Energy efficiency is a vital public good that we have chronically underinvested in for decades in this state. Our energy efficiency policy can be described in three words: insufficient, inconsistent, and inhumane.
Florida ranks near the bottom of the pack when it comes to investment in energy efficiency. In aggregate, our utilities invest less than a fifth of the national average of 1% of sales on energy efficiency programs. The state’s largest utility, Florida Power & Light, spends an insultingly low .06% of sales revenue. FPUC invests approximately .01%, 100 times lower than the national average. The result is some of the highest rates of energy consumption in the nation.
There is major inconsistency across utilities in this state. TECO has wide participation, but shallow savings. Duke has deeper savings, but reaches only a small number of households, and FPL and Gulf, which serve over half of the customers in this state, have virtually no low-income programs to speak of. We need specific goals and targets for these programs. Without leadership from the state level, our utilities will only continue to underinvest and invest in a chaotic and ad-hoc manner. Spending level targets or savings targets would be an excellent start. As other organizations have pointed out, abandoning the outdated Rate Impact Measure Test would go a long way and 2-year payback screen are also critical.
Our underinvestment in energy efficiency infrastructure is not just dangerous due to its effect on the environment, it imposes a real human cost on the people of Florida.

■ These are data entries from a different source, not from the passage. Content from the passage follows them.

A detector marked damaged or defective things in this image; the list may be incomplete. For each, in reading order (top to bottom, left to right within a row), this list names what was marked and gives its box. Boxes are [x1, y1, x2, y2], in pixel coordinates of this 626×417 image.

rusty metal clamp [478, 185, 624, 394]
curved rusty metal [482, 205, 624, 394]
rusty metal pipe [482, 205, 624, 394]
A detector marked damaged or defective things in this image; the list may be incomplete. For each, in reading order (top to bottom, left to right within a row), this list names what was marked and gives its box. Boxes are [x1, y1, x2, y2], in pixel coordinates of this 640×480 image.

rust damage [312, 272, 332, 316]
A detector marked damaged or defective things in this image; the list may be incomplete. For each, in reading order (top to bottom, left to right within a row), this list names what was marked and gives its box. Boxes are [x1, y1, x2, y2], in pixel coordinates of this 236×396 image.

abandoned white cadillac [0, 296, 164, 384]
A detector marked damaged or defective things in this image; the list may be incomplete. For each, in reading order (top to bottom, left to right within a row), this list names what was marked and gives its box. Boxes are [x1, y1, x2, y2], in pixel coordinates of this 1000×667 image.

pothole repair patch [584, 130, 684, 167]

The danger in the lack of robust energy efficiency is only due to increase as average heat indexes in Florida continue to rise. Florida is one of the hottest states in the union, and it’s getting hotter. We currently average around 25 dangerous heat days annually, when temperatures exceed 103 degrees Fahrenheit . Experts project that by 2050, that number could exceed 130 such days each year. The rise in temperatures has already produced increased incidences of heat-related visits to emergency rooms in 37 counties.

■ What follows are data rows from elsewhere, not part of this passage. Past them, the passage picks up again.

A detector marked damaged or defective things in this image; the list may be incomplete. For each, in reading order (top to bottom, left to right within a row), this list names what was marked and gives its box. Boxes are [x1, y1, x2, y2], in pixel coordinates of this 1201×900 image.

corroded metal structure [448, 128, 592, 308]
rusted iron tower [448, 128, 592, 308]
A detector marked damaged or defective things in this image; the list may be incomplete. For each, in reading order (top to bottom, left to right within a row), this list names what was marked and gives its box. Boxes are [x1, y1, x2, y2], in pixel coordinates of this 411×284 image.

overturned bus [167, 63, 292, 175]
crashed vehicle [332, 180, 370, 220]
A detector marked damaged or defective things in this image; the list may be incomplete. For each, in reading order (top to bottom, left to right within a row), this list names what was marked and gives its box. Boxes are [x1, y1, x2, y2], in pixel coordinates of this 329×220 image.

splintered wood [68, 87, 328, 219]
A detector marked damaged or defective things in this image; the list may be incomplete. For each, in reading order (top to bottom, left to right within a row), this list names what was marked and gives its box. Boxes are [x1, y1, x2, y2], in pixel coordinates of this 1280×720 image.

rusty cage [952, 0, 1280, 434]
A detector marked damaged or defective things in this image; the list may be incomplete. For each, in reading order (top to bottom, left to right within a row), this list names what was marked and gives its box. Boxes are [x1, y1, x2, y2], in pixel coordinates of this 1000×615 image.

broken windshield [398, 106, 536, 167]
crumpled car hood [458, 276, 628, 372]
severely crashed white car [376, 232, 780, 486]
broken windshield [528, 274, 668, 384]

Between March of 2020 and March of 2021, Florida’s largest utilities disconnected over 600,000 households from their power despite thousands of new cases of COVID-19 and hundreds of deaths occurring each day. Approximately 10% of these households did not receive subsequent reconnection. This shameful crisis of disconnections was undoubtedly exacerbated by our chronic underinvestment in energy efficiency.
There is a real human cost to lack of energy efficiency.
The Florida PSC must abandon the outdated Rate Impact Measure Test, which counts reduction in energy demand as a cost associated with the investment in efficiency. We can eliminate the 2-year payback screen that prohibits the use of efficiency methods that provide payback in less than two years, arbitrarily eliminating many of the easiest and most effective methods of increasing efficiency from consideration. Utilities justify this policy on the basis that customers should be paying for these improvements themselves. This answer shows a disturbing lack of understanding of what it means to experience poverty. We are the only state which uses such a screen, and we are the only state which still uses the Rate Impact Measure test.
The PSC has an opportunity to truly redefine the nature of our energy efficiency programs.